Despite the opposition, the accusations of corruption associated with Solyndra and unyielding obstinance against any energy policy paradigm shift, the US has taken the lead once again in the realm of clean energy investment. This increase in private investment provides a glimmer of hope that the private sector is recognizing the benefits of shifting away nonrenewables. With renewables representing much larger share of energy production in Europe than they do in the US, perhaps this private sector investment will motivate politicians in Washington to take note and renew the tax credits & government investment for new clean energy business ventures to maintain our country’s competitiveness.
By Kerry Sheridan | AFP
The United States has regained the lead in the clean energy race, investing $48 billion last year to surpass China, which held the world’s top spending spot since 2009, said a study Wednesday.
The US surge in private investment was a 42 percent increase over 2010 and saw Washington maintain its lead worldwide in both venture capital and research and development cash, said the Pew Charitable Trusts annual report on clean energy.

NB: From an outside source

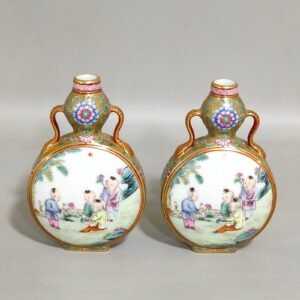 Qing Dynasty Qianlong Golden Baby Play Picture Small Ribbon Gourd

However, the US boom was largely driven by expiring tax incentives, highlighting “a persistent phenomenon in which the country fails to deploy into the marketplace the clean energy innovations it creates in the laboratory,” it said.
The Pew report, which focused on private investment in Group of Twenty (G20) nations, also found that total worldwide private investment rose 6.5 percent over 2010 to a record level of $263 billion.

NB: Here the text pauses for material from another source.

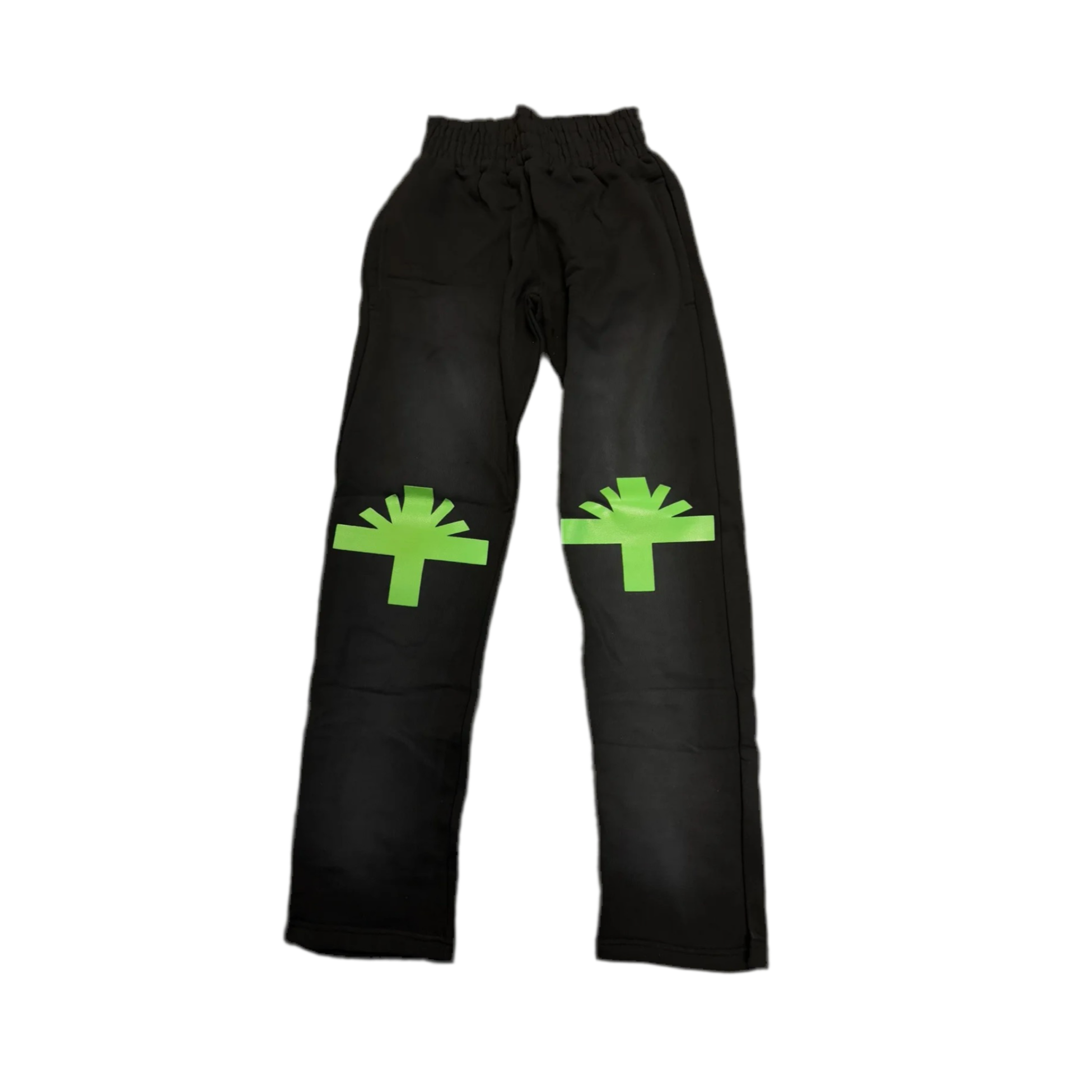Vertabrae Wide Leg Sweatpants Green Black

“Germany, Italy, the United Kingdom, and India were also among the nations that most successfully attracted private investments last year,” it said.
Germany ranked third in 2011 after soaring to second place in 2010 as it ramped up both solar and wind power. Private investment dropped five percent last year compared to 2010.
“Germany now obtains more energy from renewable sources than it does from nuclear power, coal, or natural gas,” said the report, adding that Italy has also surged, surpassing Germany’s deployment of 7.4 gigawatts (GW) of solar.